- **What to produce**
Transcribe the stretch of entries below from the line with "2445 22nd Street Santa Monica, CA 90405" through the line with "C.P. 컴퍼니 사이드 지퍼 맨투맨 상품이미지5", exactly and with both ends included; leave out all other lines.

- **Data for processing**

- Opening Delimiter -

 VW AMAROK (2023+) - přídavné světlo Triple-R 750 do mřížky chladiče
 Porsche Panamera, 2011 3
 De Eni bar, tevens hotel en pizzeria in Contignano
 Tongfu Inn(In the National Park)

- Closing Delimiter -
- Opening Delimiter -

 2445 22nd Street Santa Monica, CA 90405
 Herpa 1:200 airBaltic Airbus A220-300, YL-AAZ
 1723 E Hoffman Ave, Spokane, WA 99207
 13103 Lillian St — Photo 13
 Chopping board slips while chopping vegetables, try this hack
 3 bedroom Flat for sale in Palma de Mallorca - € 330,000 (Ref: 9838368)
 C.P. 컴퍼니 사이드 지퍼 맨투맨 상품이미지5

- Closing Delimiter -

- **Worked solution**
 2445 22nd Street Santa Monica, CA 90405
 Herpa 1:200 airBaltic Airbus A220-300, YL-AAZ
 1723 E Hoffman Ave, Spokane, WA 99207
 13103 Lillian St — Photo 13
 Chopping board slips while chopping vegetables, try this hack
 3 bedroom Flat for sale in Palma de Mallorca - € 330,000 (Ref: 9838368)
 C.P. 컴퍼니 사이드 지퍼 맨투맨 상품이미지5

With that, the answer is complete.